# Lightroom Edit in Photoshop warning message since update



## markstothard (Apr 14, 2017)

Since update of Lightroom to CC2015.10  and Camera Raw to 9.10 (within Photoshop CC2017.1), I am getting a warning message when using Ctrl+E to Edit in Photoshop.


The message states that camera raw 9.10 may be required, even though CC desktop app confirms camera raw is up to date and Photoshop "about plug ins" confirms that ACR 9.10.0.739 is installed.

see screenshot.

Any ideas?


----------



## johnbeardy (Apr 14, 2017)

It's a bug, but not a damaging one. Just click Open Anyway.


----------



## Johan Elzenga (Apr 14, 2017)

And check the 'Don't show again' checkbox.


----------



## johnbeardy (Apr 14, 2017)

It's not a big deal, but I recommend leaving the Don't Show Again checkbox as it is. In normal circumstances you would generally want to see that warning. But if you tick that check box, the only way to see the dialog again is by enabling all the dialog boxes you may have chosen not to display.


----------



## Johan Elzenga (Apr 14, 2017)

I understand your point, but if you use Lightroom CC, you should never see that warning. Lightroom and Camera Raw always get updated at the same time. That's why I would happily check that box (I already did).


----------



## ST-EOS (Apr 15, 2017)

I have just updated today and noticed this issue, so I hopped over here to see if other users had the same issue. Thanks for confirming it is a bug.


----------



## GES (Apr 16, 2017)

As many others I have the same bug... but when I check the box don't show again... The warning keeps coming back.... but now without the check box option for not showing again? ....LOL


----------



## Linwood Ferguson (Apr 17, 2017)

JohanElzenga said:


> I understand your point, but if you use Lightroom CC, you should never see that warning. Lightroom and Camera Raw always get updated at the same time. That's why I would happily check that box (I already did).

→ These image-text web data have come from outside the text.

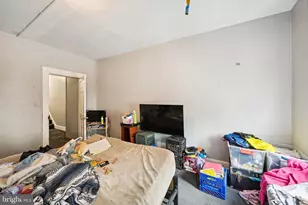 1305 Druid Hill Ave, Baltimore, MD 21217 - Photo 21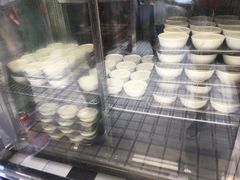 -义顺牛奶公司(新马路老店)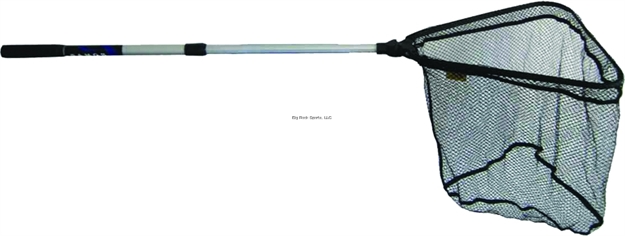 Picture of Promar Trophy Series Net Collapsible 16"X16" Frame,48"Tele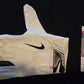 Philadelphia Eagles Nolan Smith Jr Autographed Signed Glove Jsa Coa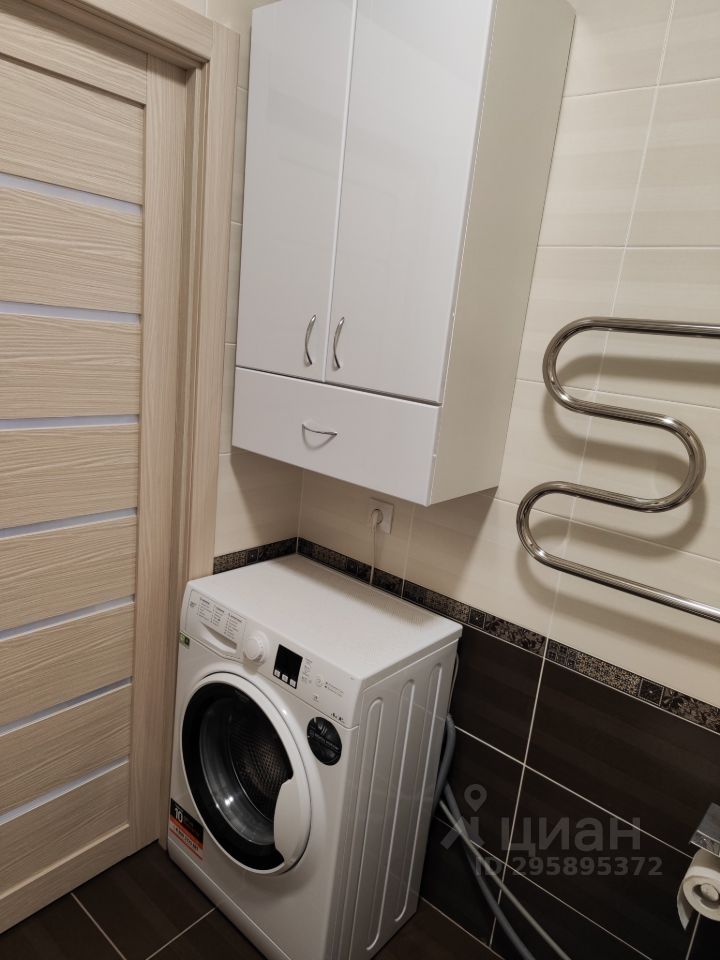 mini_Виноградова - 5 №1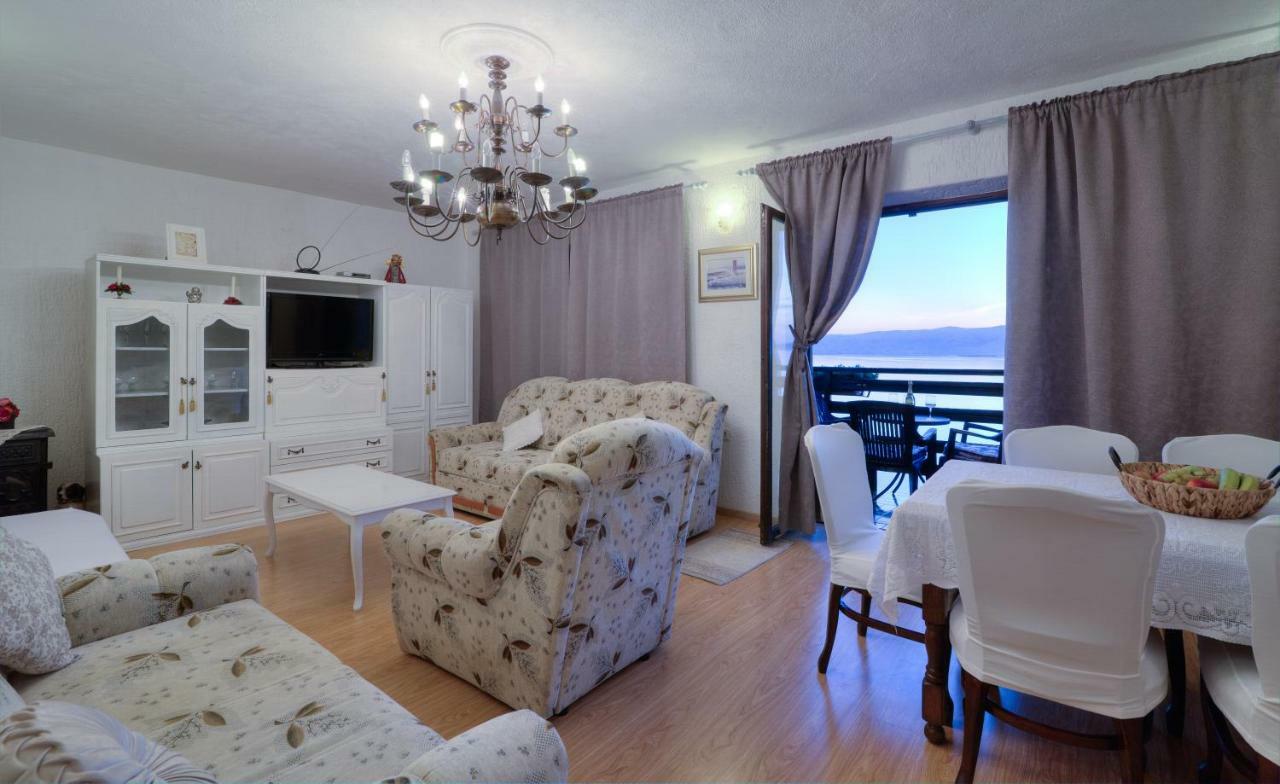 Apartment Lea Сень Экстерьер фото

Yeah, well, I do have CC and I am getting that error after doing the latest update, despite having everything updated (according to the CC app).


----------



## Johan Elzenga (Apr 17, 2017)

Ferguson said:


> Yeah, well, I do have CC and I am getting that error after doing the latest update, despite having everything updated (according to the CC app).

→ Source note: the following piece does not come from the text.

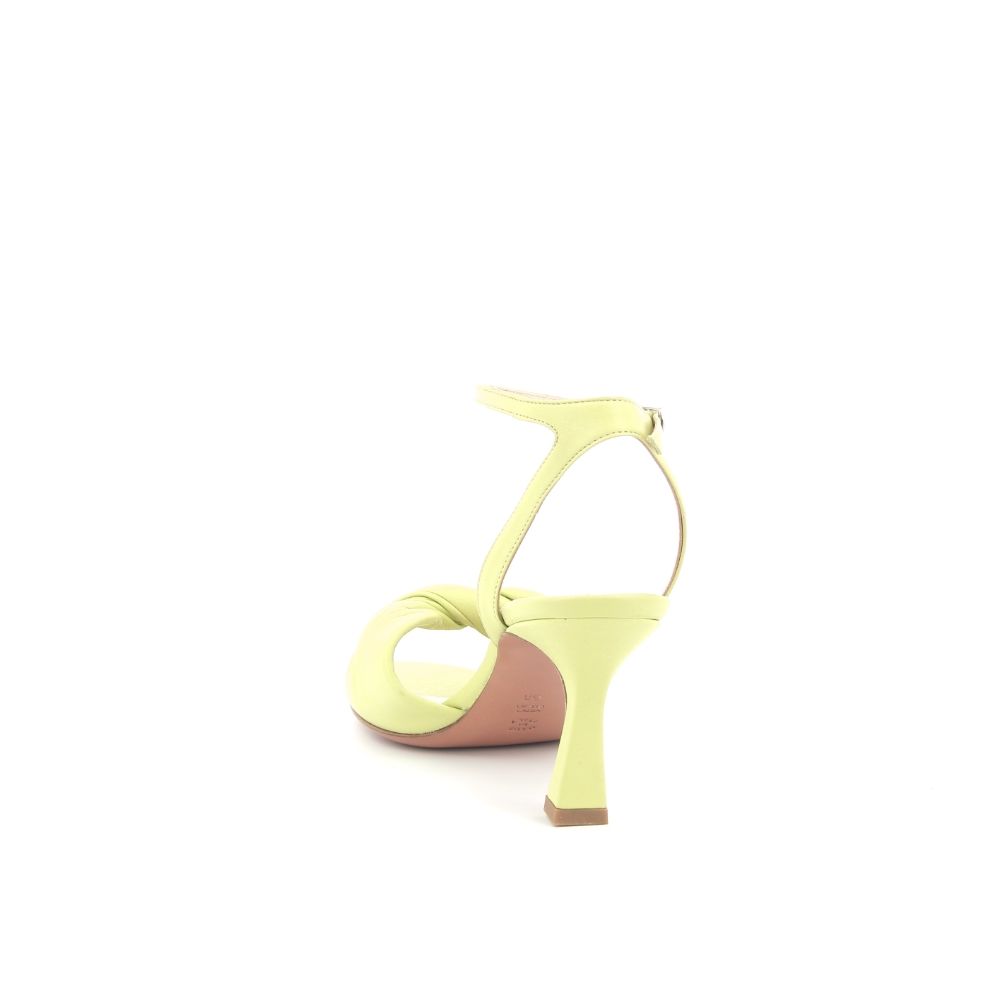 Enzo Di Martino MIRIAN 80 233505 groen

As explained in this thread, it's a bug.


----------



## Patricia Gould (Apr 23, 2017)

I am getting a slightly different error message so I don't know if this is the same bug. I've uninstalled and reinstalled both LR and PS yesterday to the latest versions and still getting this. The only way I can edit in PS is to open the file directly into PS, then sync with LR after editing.


----------



## Johan Elzenga (Apr 23, 2017)

That's not a slightly different error, that's an entirely different error. It's not the same bug. You may want to reset the preferences of both applications. Reinstalling does not do that.


----------



## Linwood Ferguson (Apr 23, 2017)

I also spent a fair amount of time in Photoshop yesterday after the updates and getting this error.  I started pretty regularly getting a "Operation cannot be completed due to a programming error" which I had never seen before.  After dismissing the dialog it works, but would come back at random times.  Never seen that ever before.  I think there's something a bit flakey in the new versions, though I got through all the edits and everything did function OK. But say it maybe 6-8 times over a couple hours.


----------



## Patricia Gould (Apr 23, 2017)

"You may want to reset the preferences of both applications. Reinstalling does not do that."

That didn't help at all - same error message after resetting the preferences and restarting both apps. I searched for a forum with my particular error message and got nowhere so that's why I posted here. If you know of a thread with this problem, I would appreciate a link to it. I've found the same problem, posted by a user, in a thread on Adobe but nobody is answering the question.


----------



## Johan Elzenga (Apr 23, 2017)

Patricia Gould said:


> "You may want to reset the preferences of both applications. Reinstalling does not do that."
> 
> That didn't help at all - same error message after resetting the preferences and restarting both apps. I searched for a forum with my particular error message and got nowhere so that's why I posted here. If you know of a thread with this problem, I would appreciate a link to it. I've found the same problem, posted by a user, in a thread on Adobe but nobody is answering the question.



I'm afraid not. There are similar problems with Photoshop not starting when an image is sent from Lightroom, but nobody seems to have the definite solution.


----------



## Linwood Ferguson (Apr 23, 2017)

JohanElzenga said:


> I'm afraid not. There are similar problems with Photoshop not starting when an image is sent from Lightroom, but nobody seems to have the definite solution.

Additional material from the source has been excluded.